● Directions for this task: Only these lines of the data below are wanted: the one with "Guess Uomo Deodorant Body Spray, 226ml", the one with "Фото #3 товара", and any lines between them, each repeated exactly.

● Data for this task:

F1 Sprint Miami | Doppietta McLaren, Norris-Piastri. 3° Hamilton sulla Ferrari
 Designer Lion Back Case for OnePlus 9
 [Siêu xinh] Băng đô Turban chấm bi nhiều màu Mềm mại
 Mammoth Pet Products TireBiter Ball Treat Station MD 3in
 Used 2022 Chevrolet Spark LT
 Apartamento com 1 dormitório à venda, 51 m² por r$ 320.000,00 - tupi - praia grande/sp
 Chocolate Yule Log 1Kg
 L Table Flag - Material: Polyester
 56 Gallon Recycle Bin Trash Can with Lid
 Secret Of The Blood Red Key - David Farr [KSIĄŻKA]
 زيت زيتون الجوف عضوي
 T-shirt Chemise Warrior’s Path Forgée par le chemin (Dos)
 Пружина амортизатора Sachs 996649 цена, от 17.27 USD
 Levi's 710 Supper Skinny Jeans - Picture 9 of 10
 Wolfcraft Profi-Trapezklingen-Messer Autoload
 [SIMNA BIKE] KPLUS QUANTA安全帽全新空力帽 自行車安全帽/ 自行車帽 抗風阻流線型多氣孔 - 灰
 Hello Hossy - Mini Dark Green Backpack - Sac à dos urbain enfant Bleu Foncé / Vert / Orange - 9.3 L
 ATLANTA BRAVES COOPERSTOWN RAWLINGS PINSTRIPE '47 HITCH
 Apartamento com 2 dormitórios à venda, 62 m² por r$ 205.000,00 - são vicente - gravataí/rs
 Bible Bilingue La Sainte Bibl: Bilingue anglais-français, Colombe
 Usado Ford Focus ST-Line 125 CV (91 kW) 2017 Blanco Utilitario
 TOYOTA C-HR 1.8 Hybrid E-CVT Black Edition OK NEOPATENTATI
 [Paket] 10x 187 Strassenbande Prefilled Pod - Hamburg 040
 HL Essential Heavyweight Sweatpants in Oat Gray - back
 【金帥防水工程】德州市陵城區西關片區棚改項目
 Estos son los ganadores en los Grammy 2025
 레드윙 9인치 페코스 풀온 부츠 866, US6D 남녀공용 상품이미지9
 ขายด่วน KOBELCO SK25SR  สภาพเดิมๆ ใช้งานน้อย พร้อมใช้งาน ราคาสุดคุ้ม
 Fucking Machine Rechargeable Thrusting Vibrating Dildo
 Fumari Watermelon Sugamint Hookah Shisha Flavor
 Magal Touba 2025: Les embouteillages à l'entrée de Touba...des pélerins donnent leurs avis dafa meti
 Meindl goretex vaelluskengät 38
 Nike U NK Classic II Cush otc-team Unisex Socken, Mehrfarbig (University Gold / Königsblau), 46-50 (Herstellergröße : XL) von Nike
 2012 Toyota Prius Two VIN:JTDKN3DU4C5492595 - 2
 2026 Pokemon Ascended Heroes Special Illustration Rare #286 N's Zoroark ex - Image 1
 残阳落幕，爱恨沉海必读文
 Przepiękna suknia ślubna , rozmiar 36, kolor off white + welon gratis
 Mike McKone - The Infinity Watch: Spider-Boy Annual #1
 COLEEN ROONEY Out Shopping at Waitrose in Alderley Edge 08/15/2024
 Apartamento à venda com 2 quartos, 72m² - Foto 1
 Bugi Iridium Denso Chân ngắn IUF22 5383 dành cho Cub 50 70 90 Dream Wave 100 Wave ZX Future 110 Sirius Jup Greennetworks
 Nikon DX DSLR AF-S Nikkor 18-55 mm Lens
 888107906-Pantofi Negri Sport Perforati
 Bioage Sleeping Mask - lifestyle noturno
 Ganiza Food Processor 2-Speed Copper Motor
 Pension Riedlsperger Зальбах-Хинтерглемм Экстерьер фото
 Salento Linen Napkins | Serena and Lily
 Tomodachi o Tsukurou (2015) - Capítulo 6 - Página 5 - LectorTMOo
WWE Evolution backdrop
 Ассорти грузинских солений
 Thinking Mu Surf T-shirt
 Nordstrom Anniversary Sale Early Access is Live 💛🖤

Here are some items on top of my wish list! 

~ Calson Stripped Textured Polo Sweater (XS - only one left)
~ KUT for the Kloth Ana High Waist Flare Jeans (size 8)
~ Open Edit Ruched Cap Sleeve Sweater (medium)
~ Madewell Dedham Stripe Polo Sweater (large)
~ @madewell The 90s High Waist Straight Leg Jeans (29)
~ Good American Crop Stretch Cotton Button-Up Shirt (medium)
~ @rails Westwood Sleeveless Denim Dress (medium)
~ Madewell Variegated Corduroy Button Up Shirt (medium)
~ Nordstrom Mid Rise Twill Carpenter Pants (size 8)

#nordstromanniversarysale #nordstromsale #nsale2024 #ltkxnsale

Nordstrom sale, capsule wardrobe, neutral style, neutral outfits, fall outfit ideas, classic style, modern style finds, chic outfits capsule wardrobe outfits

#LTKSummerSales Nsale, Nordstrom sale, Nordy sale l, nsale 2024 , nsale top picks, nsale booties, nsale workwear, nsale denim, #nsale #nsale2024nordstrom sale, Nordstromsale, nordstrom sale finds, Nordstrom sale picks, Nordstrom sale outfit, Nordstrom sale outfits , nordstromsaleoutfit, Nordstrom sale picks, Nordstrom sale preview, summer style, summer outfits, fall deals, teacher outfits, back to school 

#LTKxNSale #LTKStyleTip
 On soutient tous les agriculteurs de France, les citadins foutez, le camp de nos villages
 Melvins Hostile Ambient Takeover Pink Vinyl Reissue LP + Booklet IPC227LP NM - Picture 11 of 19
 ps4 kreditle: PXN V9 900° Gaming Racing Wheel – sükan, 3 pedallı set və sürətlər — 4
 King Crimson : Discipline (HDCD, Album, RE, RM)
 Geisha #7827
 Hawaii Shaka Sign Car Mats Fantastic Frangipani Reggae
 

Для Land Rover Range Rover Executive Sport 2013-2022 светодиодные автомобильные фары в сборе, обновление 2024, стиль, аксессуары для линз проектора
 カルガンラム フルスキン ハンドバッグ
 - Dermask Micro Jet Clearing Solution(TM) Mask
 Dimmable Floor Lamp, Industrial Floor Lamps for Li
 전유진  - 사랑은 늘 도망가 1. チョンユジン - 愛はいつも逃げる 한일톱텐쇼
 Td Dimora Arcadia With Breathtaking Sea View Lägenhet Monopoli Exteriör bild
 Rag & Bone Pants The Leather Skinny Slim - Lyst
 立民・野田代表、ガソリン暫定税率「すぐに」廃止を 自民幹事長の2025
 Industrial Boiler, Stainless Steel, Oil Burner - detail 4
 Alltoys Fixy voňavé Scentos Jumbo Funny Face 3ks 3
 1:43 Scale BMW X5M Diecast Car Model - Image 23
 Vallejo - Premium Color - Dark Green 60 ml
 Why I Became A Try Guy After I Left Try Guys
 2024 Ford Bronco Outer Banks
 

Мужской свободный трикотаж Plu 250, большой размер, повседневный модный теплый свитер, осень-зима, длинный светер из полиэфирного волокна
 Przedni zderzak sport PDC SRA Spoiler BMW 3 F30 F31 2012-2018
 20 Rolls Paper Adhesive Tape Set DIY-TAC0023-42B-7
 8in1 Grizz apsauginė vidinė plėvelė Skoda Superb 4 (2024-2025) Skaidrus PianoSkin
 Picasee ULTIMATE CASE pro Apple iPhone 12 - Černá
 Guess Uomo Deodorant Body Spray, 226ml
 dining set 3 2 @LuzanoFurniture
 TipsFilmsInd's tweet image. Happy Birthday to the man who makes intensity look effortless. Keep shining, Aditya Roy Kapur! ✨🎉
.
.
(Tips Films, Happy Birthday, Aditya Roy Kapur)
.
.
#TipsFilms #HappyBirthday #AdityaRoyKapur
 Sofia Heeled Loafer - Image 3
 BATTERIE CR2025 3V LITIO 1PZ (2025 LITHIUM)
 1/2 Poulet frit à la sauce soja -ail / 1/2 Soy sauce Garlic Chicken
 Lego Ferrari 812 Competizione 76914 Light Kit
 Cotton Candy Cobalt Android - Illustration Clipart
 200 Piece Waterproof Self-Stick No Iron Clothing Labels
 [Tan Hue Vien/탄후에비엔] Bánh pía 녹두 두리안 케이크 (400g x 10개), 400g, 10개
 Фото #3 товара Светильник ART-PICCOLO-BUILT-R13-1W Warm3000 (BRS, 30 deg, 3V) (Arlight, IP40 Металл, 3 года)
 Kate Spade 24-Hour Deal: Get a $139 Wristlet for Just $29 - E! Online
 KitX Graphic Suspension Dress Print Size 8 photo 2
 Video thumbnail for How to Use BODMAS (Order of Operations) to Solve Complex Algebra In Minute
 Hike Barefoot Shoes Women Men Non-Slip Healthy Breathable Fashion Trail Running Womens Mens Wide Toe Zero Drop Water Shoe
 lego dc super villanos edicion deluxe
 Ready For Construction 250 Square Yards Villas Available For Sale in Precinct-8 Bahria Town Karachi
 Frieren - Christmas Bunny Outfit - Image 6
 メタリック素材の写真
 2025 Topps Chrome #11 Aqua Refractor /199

● Expected answer:
 Guess Uomo Deodorant Body Spray, 226ml
 dining set 3 2 @LuzanoFurniture
 TipsFilmsInd's tweet image. Happy Birthday to the man who makes intensity look effortless. Keep shining, Aditya Roy Kapur! ✨🎉
.
.
(Tips Films, Happy Birthday, Aditya Roy Kapur)
.
.
#TipsFilms #HappyBirthday #AdityaRoyKapur
 Sofia Heeled Loafer - Image 3
 BATTERIE CR2025 3V LITIO 1PZ (2025 LITHIUM)
 1/2 Poulet frit à la sauce soja -ail / 1/2 Soy sauce Garlic Chicken
 Lego Ferrari 812 Competizione 76914 Light Kit
 Cotton Candy Cobalt Android - Illustration Clipart
 200 Piece Waterproof Self-Stick No Iron Clothing Labels
 [Tan Hue Vien/탄후에비엔] Bánh pía 녹두 두리안 케이크 (400g x 10개), 400g, 10개
 Фото #3 товара Светильник ART-PICCOLO-BUILT-R13-1W Warm3000 (BRS, 30 deg, 3V) (Arlight, IP40 Металл, 3 года)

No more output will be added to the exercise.